There was a time when SQL databases were the de-facto choice when developing a new application. In recent years, NoSQL databases have become a popular alternative. Choosing between a SQL vs NoSQL database is now an important technological decision for app developers, and recognizing when to use one over the other is an important skill to have. Beyond that, the choice of which type of database to use can determine whether a project will run smoothly or experience technical difficulties as it grows.
In this article, we’ll explore the differentiating factors between the two database types and when one outperforms the other. We’ll see that a key factor in making a decision is being able to recognize the type of data that your application has to handle and then using that to determine which technology is best suited for your situation.
First, we’ll need to quickly explore the technical principles behind the two classes of databases so we can recognize what sets them apart to inform our future decisions.
What are SQL Databases
SQL databases are the older and more widely used of the two data storage systems. Examples of the most popular SQL databases include:
- MySQL
- PostgreSQL
- Microsoft SQL Server
- Oracle
- MariaDB
SQL databases are classified as relational databases which follow the relational model proposed by E. F. Codd in 1970. The relational model introduced the idea of organizing data as tuples, also known as rows, that are grouped into relations, also known as tables.
SQL databases are best suited for storing structured data. Before starting to add data to a relational database, one must first define the database schema. Schema refers to the relationship between the database tables (relations) and the types of fields (columns) that these tables have. In other words, you first have to declare the structure and types of your data before you can begin storing and manipulating it. This makes SQL databases the stricter of the two, as it requires design foresight and can necessitate restructuring as a project evolves. Database administrators must also be careful when designing their schema in order to avoid data redundancy and optimization issues.

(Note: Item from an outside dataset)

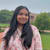 Vasundhara
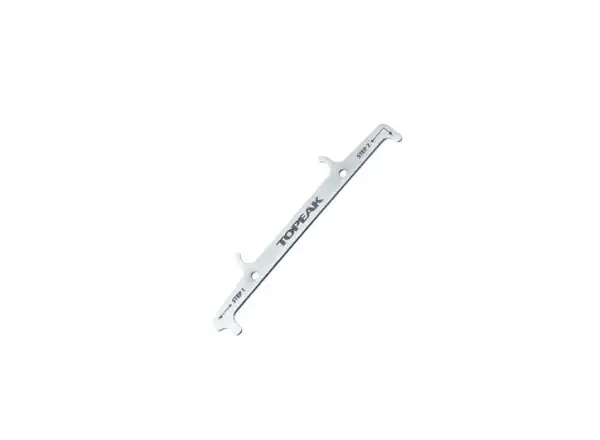 Topeak Chain Hook & Wear Indicator chain checker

SQL databases implement the Structured Query Language (SQL) to work with data. SQL is typically more comprehensible than traditional code as it utilizes English keywords like SELECT, INSERT, UPDATE, DELETE along with boolean operators like AND and OR. SQL supports many powerful features for working with data, such as the JOIN clause, which a developer can use to perform complex queries and retrieve data from multiple tables as one result.
Aside from proprietary functionality, the core syntax of SQL is consistent between different database vendors, making it relatively easy for developers to transfer their knowledge from one system to another. For example, a developer with experience using MySQL will quickly be able to pick up PostgreSQL and vice versa.
What are NoSQL Databases
NoSQL databases are database systems that are not based on the relational model. Although such databases have existed since the late 1960s, the term NoSQL appeared in the early 2000s and has gained popularity since then. Some examples of common NoSQL databases include:
- MongoDB
- CouchDB
- Redis
- Elasticsearch
- Cassandra
The popularization of NoSQL systems began as the result of the need for scalability and flexibility, especially from tech giants handling large and diverse sets of data.

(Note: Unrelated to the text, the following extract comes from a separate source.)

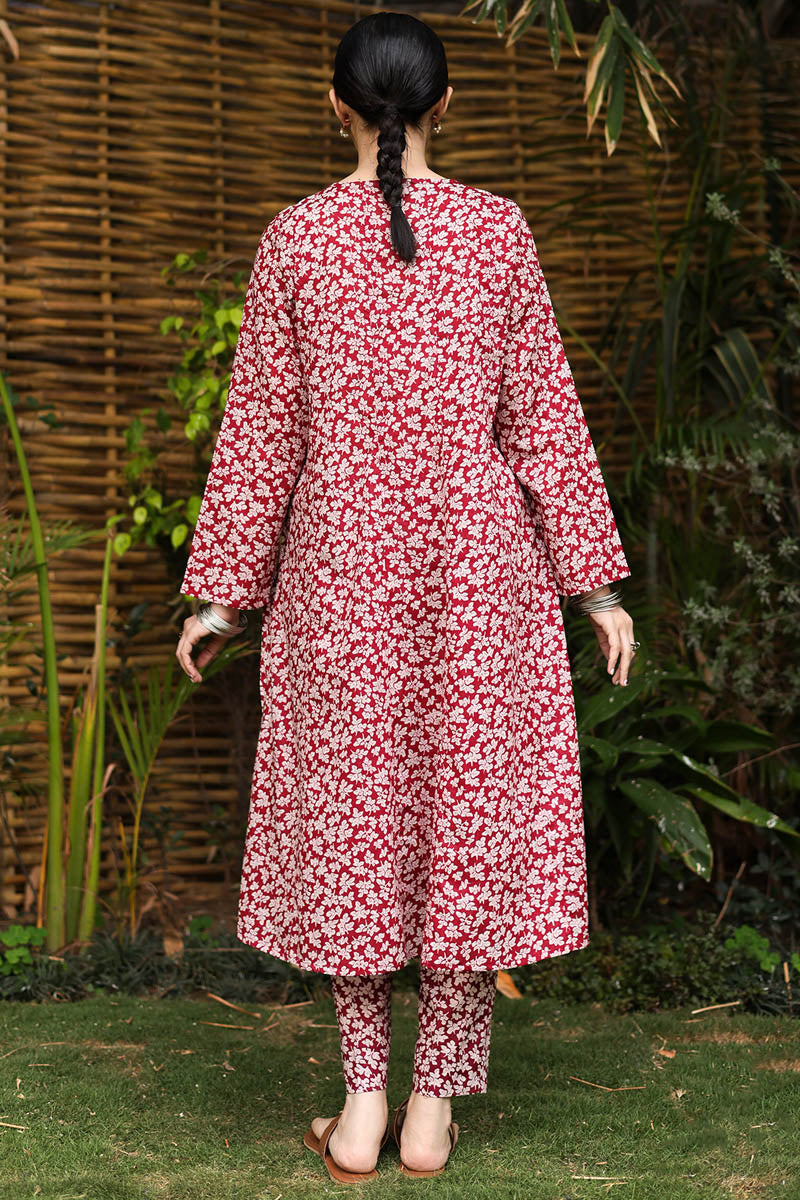 Phool Fusion Set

NoSQL databases are essentially a flexible storage engine. NoSQL databases are schemaless, meaning that they do not strictly define the tables and the relations between them. Being schemaless eliminates the need for the type of careful design required by relational databases and removes many restrictions surrounding data type and format. This allows for the insertion of diverse data regardless of the shape of existing entries.
NoSQL databases can be categorized based on the type of data model they use:
- Key-value: A simple lookup system similar to an associative array, map, or dictionary where a given key corresponds to a respective value. Example: Redis.
- Document: Used when the data being stored is a consistent “document” type such as JSON, XML, etc. Documents are accessed by unique key as well as by querying their contents. Example: MongoDB.
- Wide column: Uses tables, rows, and columns, but lacks schema restrictions. Example: Cassandra.
- Graph: When the data being stored is a mathematical graph. Example: Neo4j.
Due to the variance in NoSQL databases, the type and shape of the data being stored often determine which solution to use. When compared to SQL databases, transferring knowledge of one NoSQL system to another can be more difficult depending on how much the two systems differ.
Comparing SQL vs NoSQL Databases
Data integrity vs Availability
Most relational databases provide guarantees according to the ACID set of properties. In short, relational databases that conform to ACID provide the guarantee of data validity despite any unexpected errors. However, this comes with some cost in performance because data has to first get written to the disk before the client gets a successful response.
On the contrary, NoSQL databases rely on the eventual consistency model in order to achieve high availability. NoSQL databases do not wait for the data to be written on the disk before sending a response to the client as shown in the illustration below.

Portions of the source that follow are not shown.